(Exercise description): Using the listing below, copy exactly each line from the one that has "bootstrap form template" through the one that has "Alt view image"; omit the pictures.

(Extracted data):
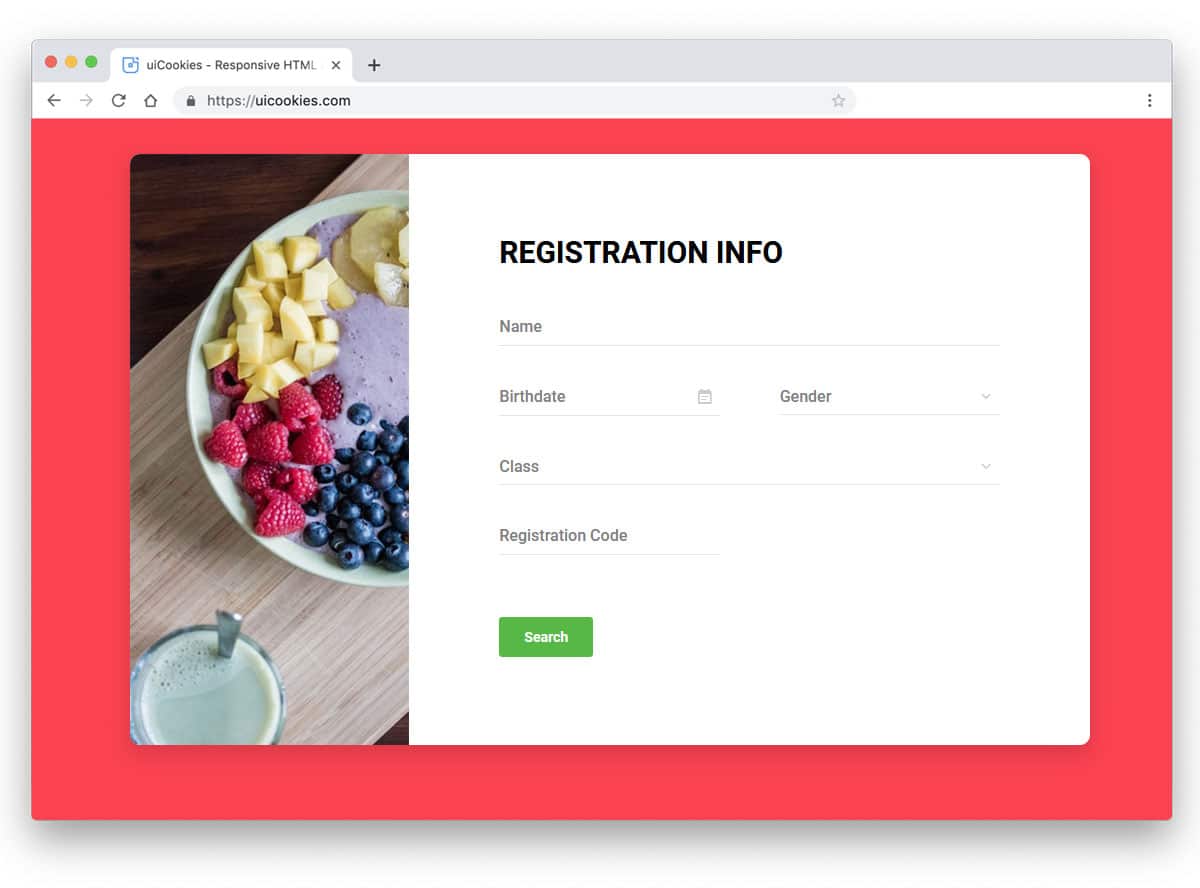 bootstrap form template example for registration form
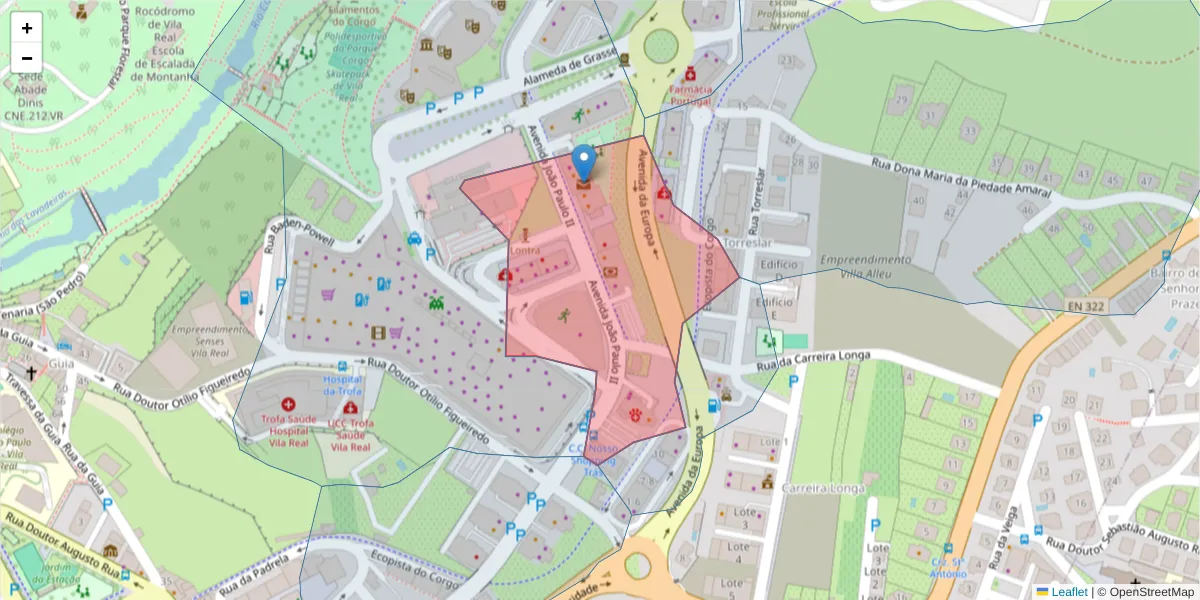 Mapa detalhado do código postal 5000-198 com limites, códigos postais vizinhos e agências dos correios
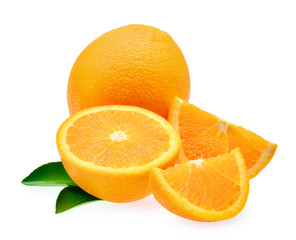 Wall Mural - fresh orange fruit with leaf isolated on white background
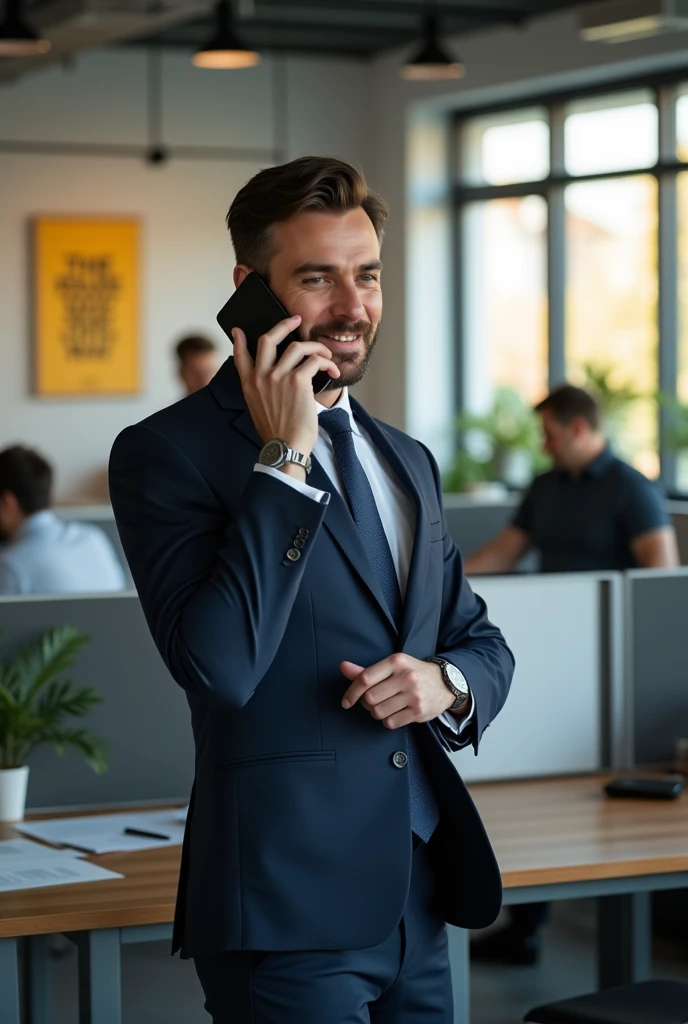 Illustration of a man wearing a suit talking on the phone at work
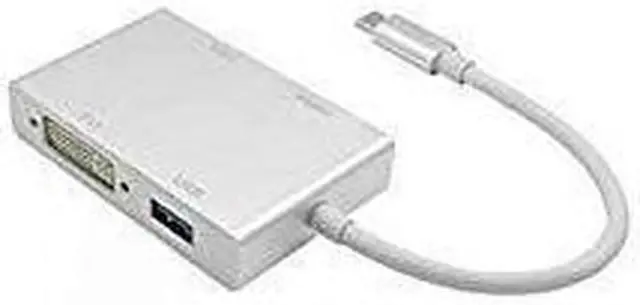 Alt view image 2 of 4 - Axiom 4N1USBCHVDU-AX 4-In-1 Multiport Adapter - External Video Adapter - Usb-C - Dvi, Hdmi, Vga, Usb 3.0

* * *

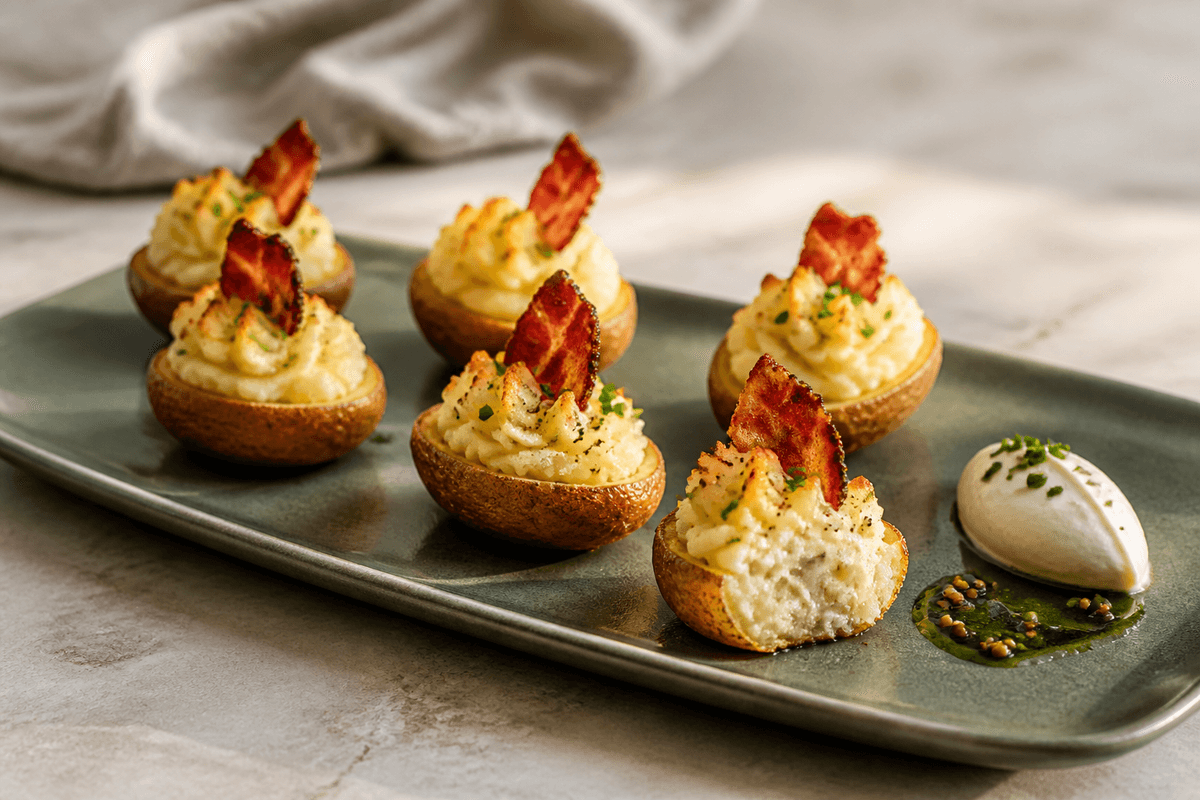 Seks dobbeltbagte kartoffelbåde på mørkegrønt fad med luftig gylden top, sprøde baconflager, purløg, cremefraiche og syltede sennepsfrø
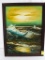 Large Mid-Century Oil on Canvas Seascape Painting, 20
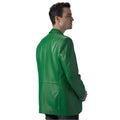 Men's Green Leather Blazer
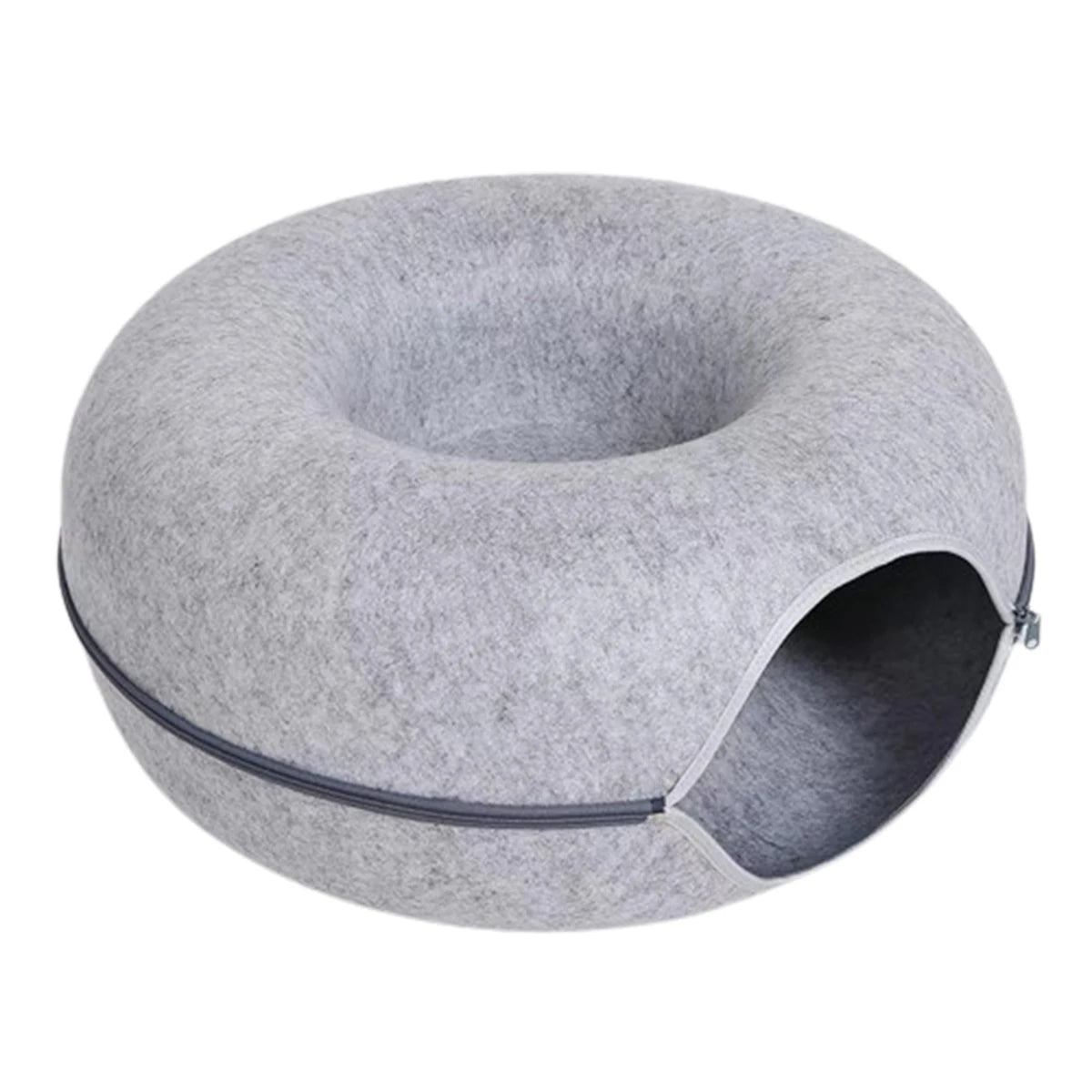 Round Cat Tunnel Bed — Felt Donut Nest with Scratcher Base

(Output for this task):
 bootstrap form template example for registration form
 Mapa detalhado do código postal 5000-198 com limites, códigos postais vizinhos e agências dos correios
 Wall Mural - fresh orange fruit with leaf isolated on white background
 Illustration of a man wearing a suit talking on the phone at work
 Alt view image 2 of 4 - Axiom 4N1USBCHVDU-AX 4-In-1 Multiport Adapter - External Video Adapter - Usb-C - Dvi, Hdmi, Vga, Usb 3.0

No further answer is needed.